§ **Data for this exercise**:
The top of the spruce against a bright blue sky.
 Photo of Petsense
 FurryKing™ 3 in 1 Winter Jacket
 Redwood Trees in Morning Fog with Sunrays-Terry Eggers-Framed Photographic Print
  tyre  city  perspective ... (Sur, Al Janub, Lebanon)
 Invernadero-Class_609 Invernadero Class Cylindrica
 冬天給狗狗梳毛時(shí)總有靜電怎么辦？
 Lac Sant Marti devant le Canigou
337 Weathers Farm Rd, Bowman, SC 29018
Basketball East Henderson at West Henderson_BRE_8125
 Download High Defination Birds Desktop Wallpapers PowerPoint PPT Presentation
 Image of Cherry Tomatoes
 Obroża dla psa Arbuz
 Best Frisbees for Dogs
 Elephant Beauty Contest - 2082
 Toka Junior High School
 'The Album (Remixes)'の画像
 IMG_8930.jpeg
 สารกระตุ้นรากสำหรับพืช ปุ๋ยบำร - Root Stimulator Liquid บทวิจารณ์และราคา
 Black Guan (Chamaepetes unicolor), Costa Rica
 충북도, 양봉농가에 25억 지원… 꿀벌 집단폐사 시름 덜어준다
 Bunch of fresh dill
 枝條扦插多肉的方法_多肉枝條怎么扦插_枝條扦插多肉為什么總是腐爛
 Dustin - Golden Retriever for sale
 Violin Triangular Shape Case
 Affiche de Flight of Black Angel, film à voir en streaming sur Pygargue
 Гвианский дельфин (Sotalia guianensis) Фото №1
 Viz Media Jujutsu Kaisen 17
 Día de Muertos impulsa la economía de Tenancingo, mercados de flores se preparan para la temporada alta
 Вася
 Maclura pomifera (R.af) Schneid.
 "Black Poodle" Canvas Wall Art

§ **What you will do**:
In the listing above, find the line with "枝條扦插多肉的方法_多肉枝條怎么扦插_枝條扦插多肉為什么總是腐爛" and the line with "Viz Media Jujutsu Kaisen 17", then print exactly those lines and every line between them.

§ **Exercise response**:
 枝條扦插多肉的方法_多肉枝條怎么扦插_枝條扦插多肉為什么總是腐爛
 Dustin - Golden Retriever for sale
 Violin Triangular Shape Case
 Affiche de Flight of Black Angel, film à voir en streaming sur Pygargue
 Гвианский дельфин (Sotalia guianensis) Фото №1
 Viz Media Jujutsu Kaisen 17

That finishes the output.